As one source close to the King, 75, told me: "The sun wasn't shining in February but it is shining now."
The King's aides were keen to point out when he made his public comeback at a cancer hospital on April 30 that not all recovery programmes for cancer patients are the same.
Yet while he is "not yet out of the woods", according to those in his inner circle, they add there is "great optimism" and treatment has gone "better than anyone would have thought".
The details of exactly how the Royal Household put our much-loved Monarch back together again were revealed.
From exactly why he was pulled from duty to the pioneering treatments that meant he never lost his hair — and the real reason his wayward son, Harry, was given an audience of just 30 minutes.
Charles' ordeal began in January when he revealed he needed a corrective procedure for an enlarged prostate.
He decided to allow the public to know what he was going through, which resulted in a huge outpouring of sympathy.
Charles was touched by the public reaction but also significantly buoyed when it was revealed the NHS website received 11 times more daily visits from men with similar concerns.
But then his condition would take a turn for the worse.
Charles was due to spend two nights in the London Clinic — where Kate was also being treated — so when he spent a third night in care, people started to become concerned.
Those worries were realised when tests revealed cancer.
But rather than hide this devastating news from the public he decided that following the supportive reaction to his prostate diagnosis he would allow it to be made public.
A carefully constructed plan inspired by Operation Bubble which protected the late Queen from Covid-19 was thrown into action.
He would have weekly treatment in London and factor in vital periods of rest time at Sandringham, Highgrove and Windsor.
But his health plan was thrown into turmoil when Prince Harry announced he would jet from Los Angeles to see his father.
While the King delayed his helicopter flight from Buckingham Palace to Sandringham, his wayward son was given just 30 minutes of his company at Clarence House.
Plans were in place to avoid the King contacting a secondary infection and Harry flying 5,000 miles on a jet was not ideal.
Aides prevented Harry, 39, joining his father at Sandringham fearing "we'd never get rid of him" and he needed to reduce his social contact while undergoing cancer treatment.

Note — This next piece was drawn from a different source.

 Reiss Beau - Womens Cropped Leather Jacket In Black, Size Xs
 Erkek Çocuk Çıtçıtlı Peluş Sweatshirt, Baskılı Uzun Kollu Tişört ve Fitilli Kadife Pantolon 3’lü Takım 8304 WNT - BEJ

During this time a Freedom of Information request revealed the Department for Culture and Media had begun procurement for the King's potential funeral — although sources say this is not unusual.

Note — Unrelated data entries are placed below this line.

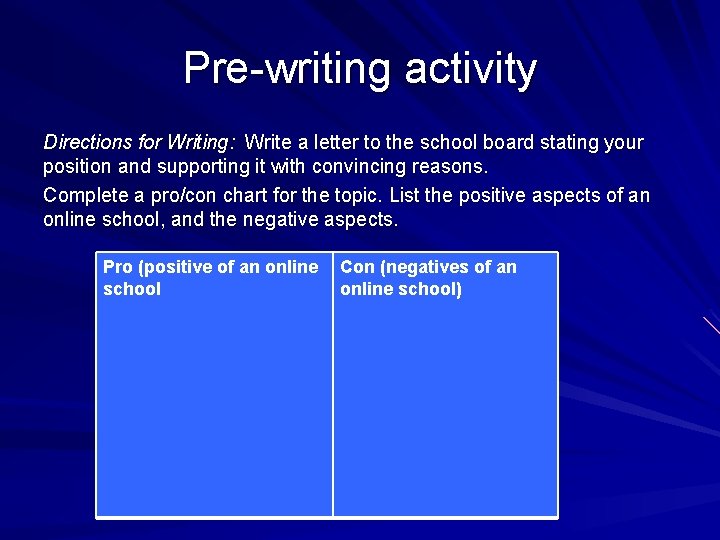 Pre-writing activity Directions for Writing: Write a letter to the school board stating your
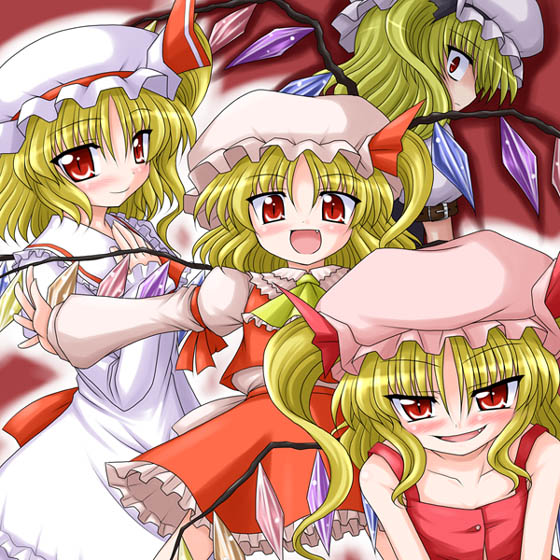blonde_hair bococho clone flandre_scarlet four_of_a_kind_(touhou) red_eyes solo touhou wings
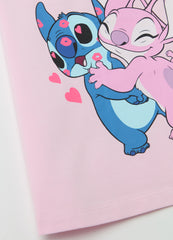 Ovs Cotton T-Shirt With Angel & Stitch Print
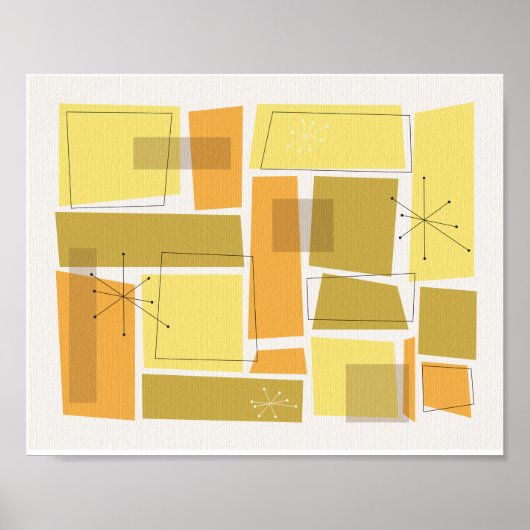 Geel en Oranje Funky Pattern Mid Century Modern Poster (Voorkant)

Suggestions that William had been lined up as a potential Prince Regent if the King was unable to carry out the position have been denied by Buckingham Palace.
But the King was withdrawn from all public duty for 103 days although he continued reading government red boxes.

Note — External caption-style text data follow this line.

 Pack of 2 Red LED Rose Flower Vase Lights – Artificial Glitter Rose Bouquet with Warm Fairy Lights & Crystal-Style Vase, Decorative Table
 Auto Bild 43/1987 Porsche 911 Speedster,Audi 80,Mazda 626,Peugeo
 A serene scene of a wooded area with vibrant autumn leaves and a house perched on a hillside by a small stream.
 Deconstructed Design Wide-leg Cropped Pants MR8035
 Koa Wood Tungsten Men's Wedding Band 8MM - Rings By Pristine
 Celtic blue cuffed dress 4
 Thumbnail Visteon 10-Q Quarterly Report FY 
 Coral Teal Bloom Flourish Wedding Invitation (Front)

It can now be revealed the decision to postpone his public facing role was made as a "precautionary measure" because of the King's diminished immune response to other diseases.
The Royal Household copied Covid-style protocols — or tiers imposed by the Government during the pandemic — to minimise secondary infection such as seasonal cold or flu.
A source said: "We had to minimise potential risk from other people, not because he couldn’t do the job."
But as winter turned into spring and weather became warmer it meant they could relax the Covid-style tiers.
This was demonstrated when the King emerged from the Easter Sunday service and was greeted by 60 well-wishers at St George's Chapel, Windsor Castle.
Just days earlier, the monarch and his team had received news that the treatment had gone better than anyone could have expected.
One insider said: "He was raring to go after the positive results and didn’t want to hang around any longer."
It meant the King told aides that a trip to Australia, seen as the most important tour a monarch will ever take, must go ahead in the autumn, as first revealed by The Sun.